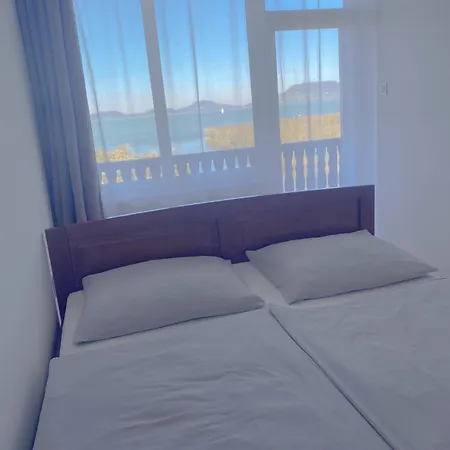 Balaton A Kertben - Balaton In The Garden - Beachfront With Beautiful View, Private Feriehus Balatonfenyves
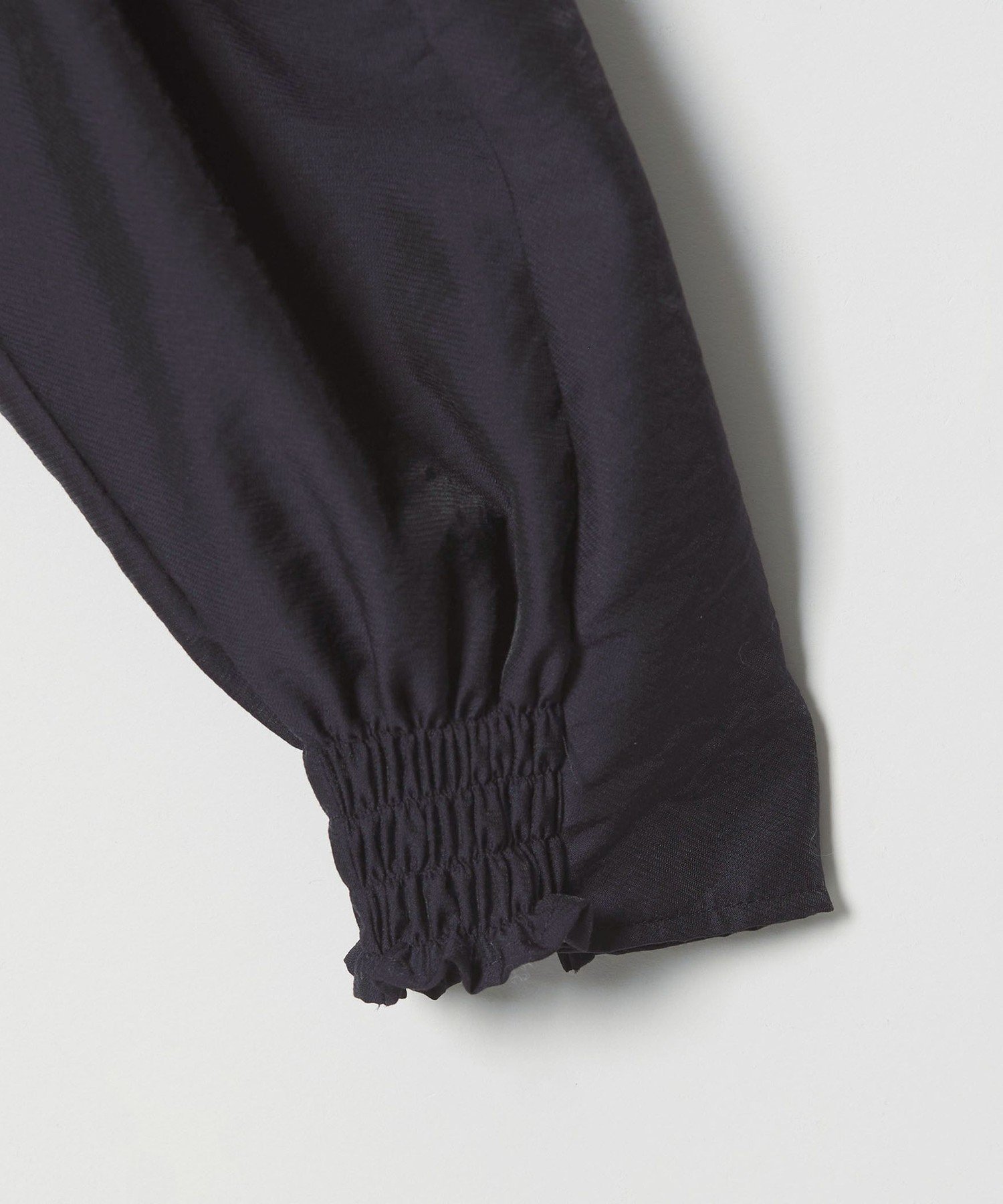 ユナイテッドアローズ ＜conte＞ ギャザースリーブ バンドカラーシャツ ユナイテッドアローズ ＜conte＞ ギャザースリーブ バンドカラーシャツ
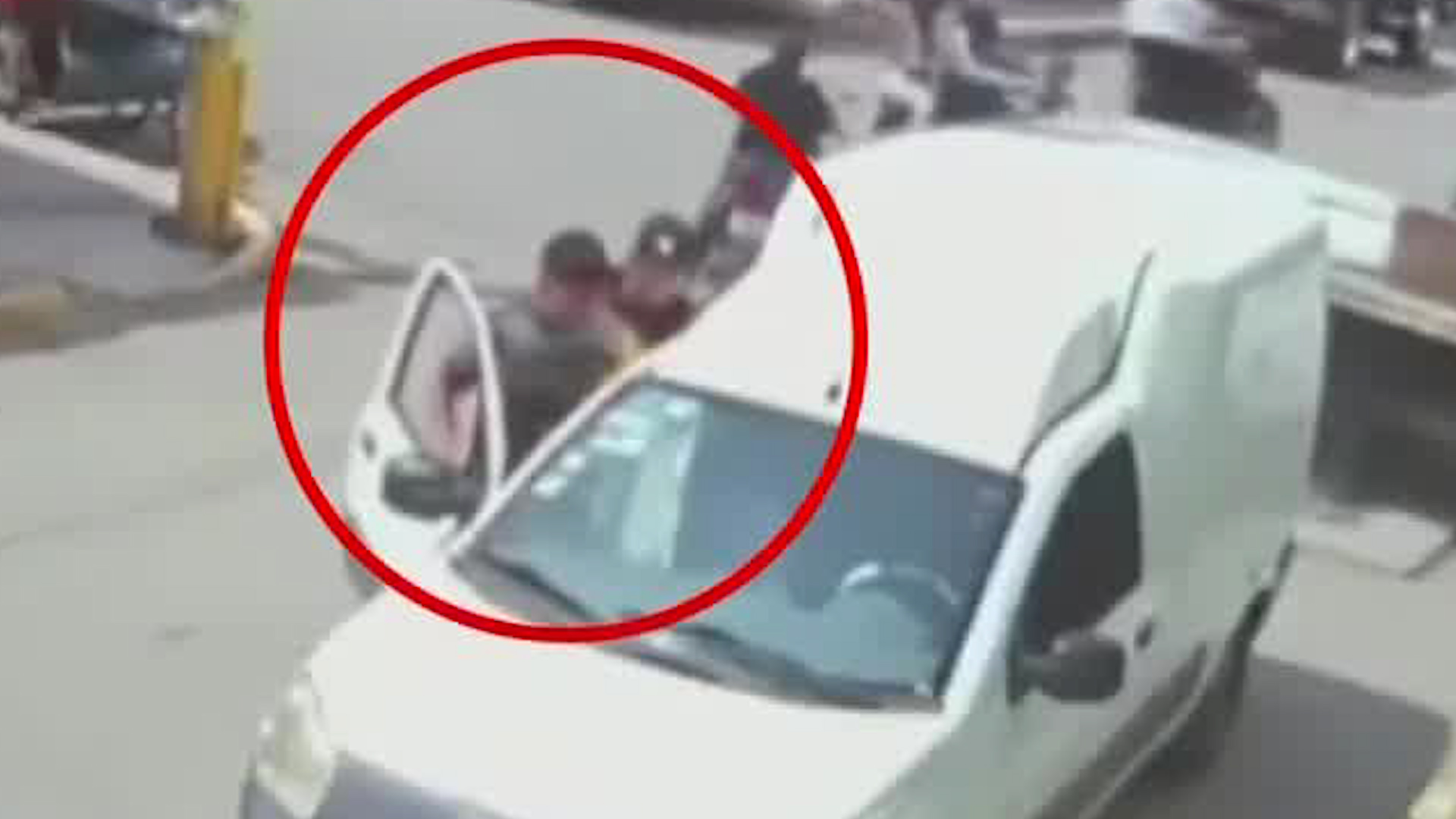Vendedor ambulante apuñala joven en transporte de Chicoloapan por rechazar compra de dulces. Víctima con lesiones graves fue intervenida de emergencia.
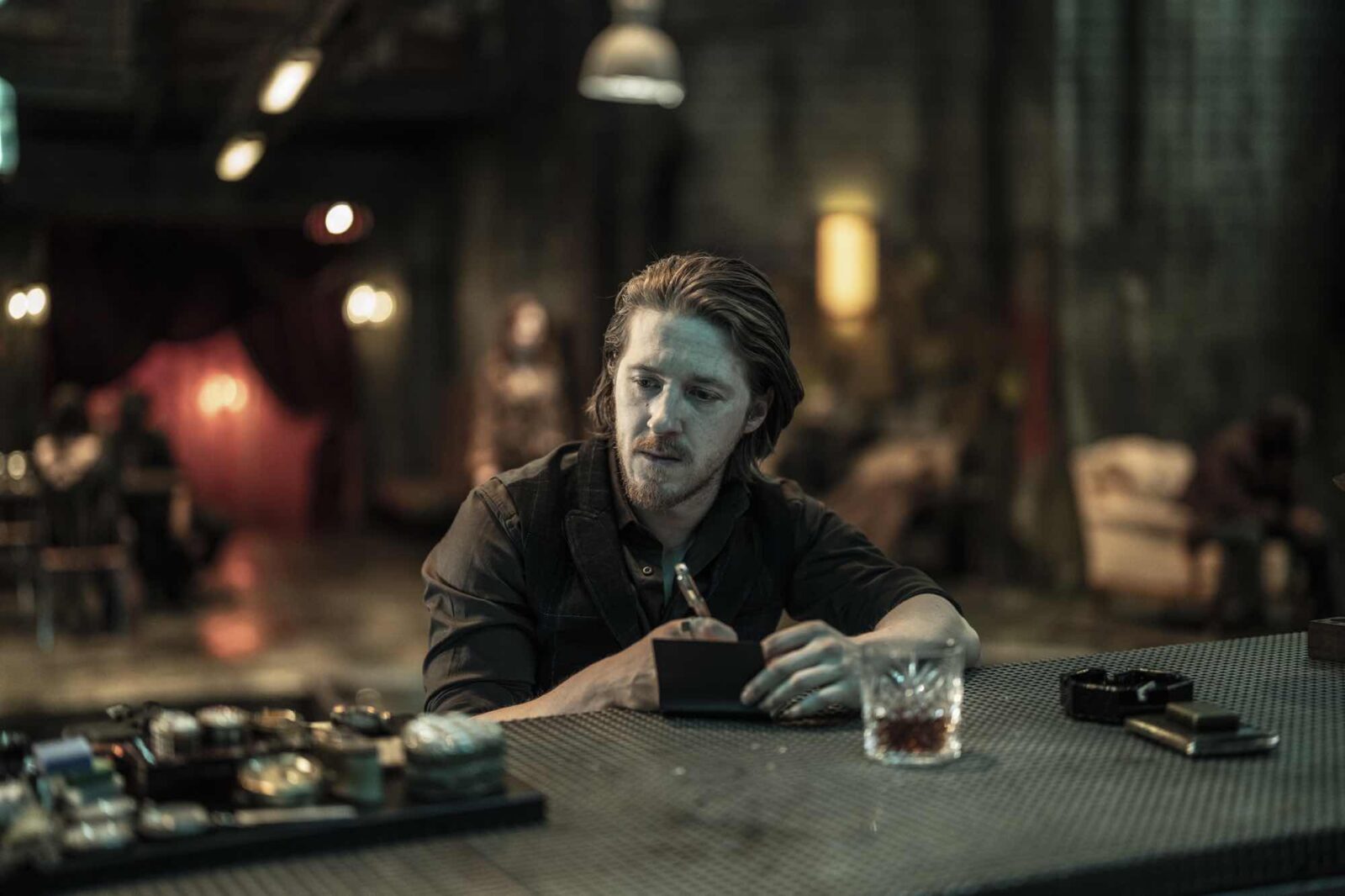 Adam Nagaitis como Quinn en Daryl Dixon S01E04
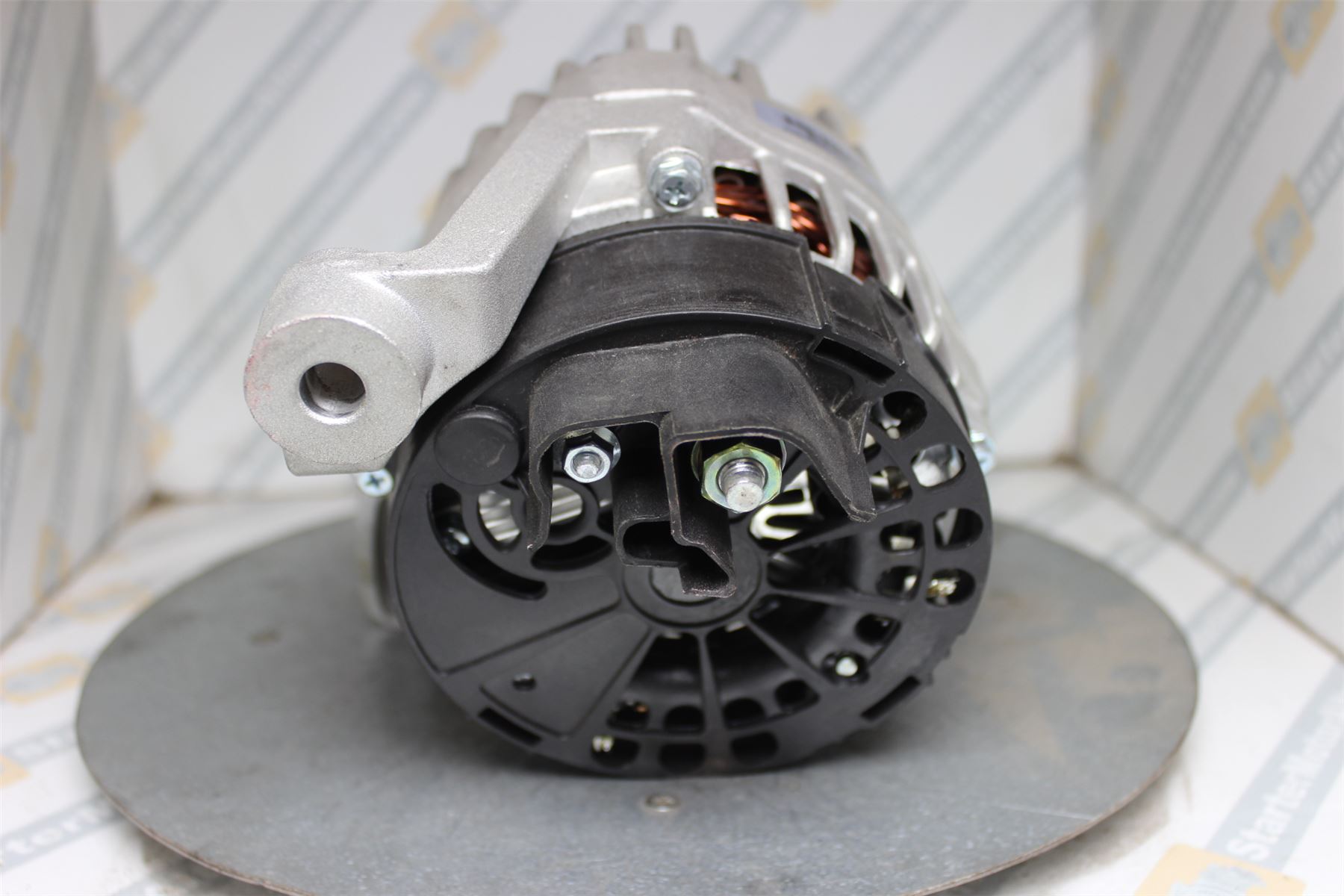 XIC1886 Alternator For Fiat / Ford
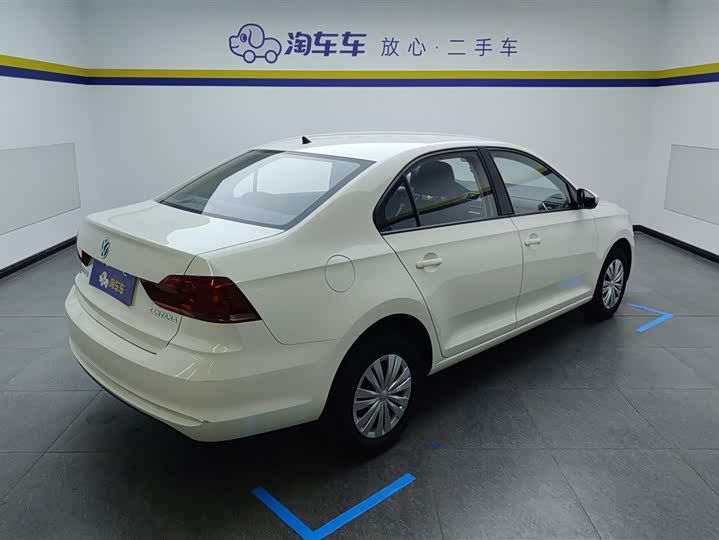 Фото 3 - Volkswagen Santana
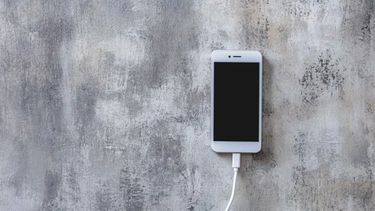 El ENRE informó que un cargador de celular genérico puede consumir entre 0.1 y 0.5 watts por hora cuando está enchufado.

------------------------------------------------

» **REQUIREMENT**: Return the listing above word for word. Keep the images out.

» **RESULT OF THE TASK**:
 Balaton A Kertben - Balaton In The Garden - Beachfront With Beautiful View, Private Feriehus Balatonfenyves
 ユナイテッドアローズ ＜conte＞ ギャザースリーブ バンドカラーシャツ ユナイテッドアローズ ＜conte＞ ギャザースリーブ バンドカラーシャツ
Vendedor ambulante apuñala joven en transporte de Chicoloapan por rechazar compra de dulces. Víctima con lesiones graves fue intervenida de emergencia.
 Adam Nagaitis como Quinn en Daryl Dixon S01E04
 XIC1886 Alternator For Fiat / Ford
 Фото 3 - Volkswagen Santana
 El ENRE informó que un cargador de celular genérico puede consumir entre 0.1 y 0.5 watts por hora cuando está enchufado.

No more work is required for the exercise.